En esta celebración tenemos tres grandes realidades de nuestra vida cristiana: el matrimonio y la familia, la vida y la misión, las tres íntimamente vinculadas entre sí. El matrimonio, conformado por el varón y la mujer, es el lugar natural para la vida humana, que se constituye en su principal misión. La Iglesia, como familia de Dios, es también el lugar propio donde se manifiesta la vida de Dios, y se convierte en misión de transmitirla a los otros. Es bueno que nos detengamos en cada una de esas tres realidades.
La Familia
Vayamos a la Palabra de Dios. En el libro del Génesis vemos a Abraham preocupado porque no tiene descendencia. Se mira a sí mismo y a su esposa Sara y concluye, a partir de los hechos, que no tiene capacidad para generar vida. Así sucede cuando la mirada de los hombres se dirige sólo hacia abajo, y no se ven más que a sí mismos. También hoy, como en todos los tiempos, hay ideologías que se cierran a una visión trascendente de la vida, y miran sólo hacia abajo. En esa dirección exclusiva, la visión se reduce: la mujer se convierte en un mero individuo que debe liberarse del dominio del varón; el varón termina rebajado únicamente en alguien que oprime a la mujer. La emancipación se convierte en la única clave para comprender la pareja humana. A partir de esa mirada reductiva que mira sólo hacia abajo, no hay lugar para vínculos de reciprocidad, de amor, de vida y de libertad. De ese modo, desaparecen dos realidades propias y sustanciales de la identidad del varón y la mujer: la paternidad y la maternidad, realidades que sólo pueden desarrollarse si se promueven los vínculos de respeto recíproco, de amor fiel y de una generosa apertura a la vida.

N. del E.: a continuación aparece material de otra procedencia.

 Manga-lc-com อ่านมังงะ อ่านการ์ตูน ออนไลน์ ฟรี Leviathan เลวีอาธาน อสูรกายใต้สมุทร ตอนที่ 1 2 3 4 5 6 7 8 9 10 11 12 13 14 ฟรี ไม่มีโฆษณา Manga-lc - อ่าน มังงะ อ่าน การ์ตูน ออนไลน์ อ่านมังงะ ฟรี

Ante la tentación que acecha a Abraham de quedarse con una mirada térrea y por lo tanto bastante gris y opaca, Dios lo llevó “hacia afuera” y lo invitó a mirar “hacia arriba”: “Mira hacia el cielo, cuenta las estrellas, así será tu descendencia” (Gen 15, 5). Hay que salir del estrecho círculo de uno mismo para ver mejor. La tentación de las ideologías es empequeñecer el horizonte e, inevitablemente, también sofocar la vida. En cambio, Abraham, dice la Escritura, creyó en el Señor y el Señor se lo tuvo en cuenta. Miró hacia arriba y vio con una luz nueva su propia vida y la de su mujer Sara, y le encontró sentido y misión a su existencia. Ambos descubrieron la belleza de su paternidad y maternidad, cuando levantaron la mirada hacia Dios y le dieron cabida en sus vidas. Así Dios los bendijo con una descendencia numerosa, que es la mayor riqueza que puede tener la pareja humana.

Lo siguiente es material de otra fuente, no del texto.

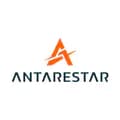 Antarestar-antarestar_outdoor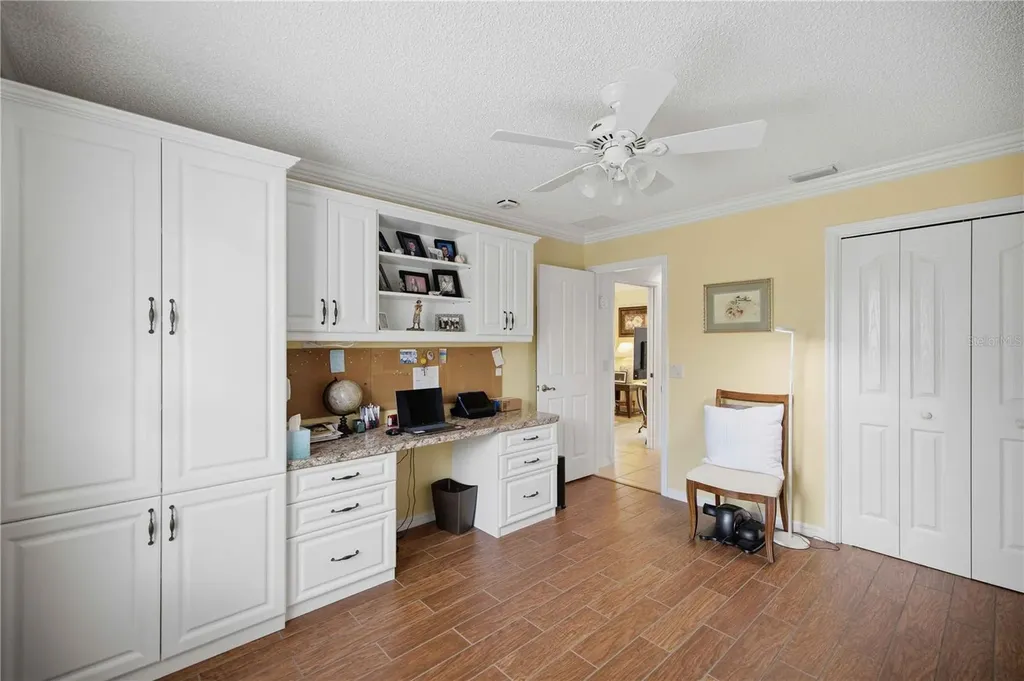 3455 Sipsey Street The Villages FL 32162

No hay que tener miedo de presentar, en toda su pureza, el ideal del matrimonio y de la familia cristiana. Es mucho más hermoso, atractivo y beneficioso, que cualquier otra propuesta que ofrece establecer relaciones ocasionales, sin compromiso y con el único fin de obtener placer. Un placer que nunca alcanza a satisfacer los anhelos más profundos del ser humano. La belleza de la castidad, como propuesta para los jóvenes que se preparan al matrimonio; el valor de la fidelidad matrimonial y la apertura a la vida, brindan muchas más ventajas y beneficios a las personas y a la sociedad, que la liberalización y desenfreno que se difunde ampliamente por los medios. Por ello, en el mensaje navideño decíamos que son necesarias políticas de estado y actitudes personales, que favorezcan efectivamente a nuestras familias. Si lo único que sabemos decirles a nuestros jóvenes, como política de educación sexual, es “disfrutá pero cuidate”, entonces no esperemos de ellos varones y mujeres con grandes ideales de servicio, de amor desinteresado, de atención a los más débiles…, sino más bien, seres humanos tiranizados por sus propios instintos, egoístas y al fin de cuentas, tristes e infelices.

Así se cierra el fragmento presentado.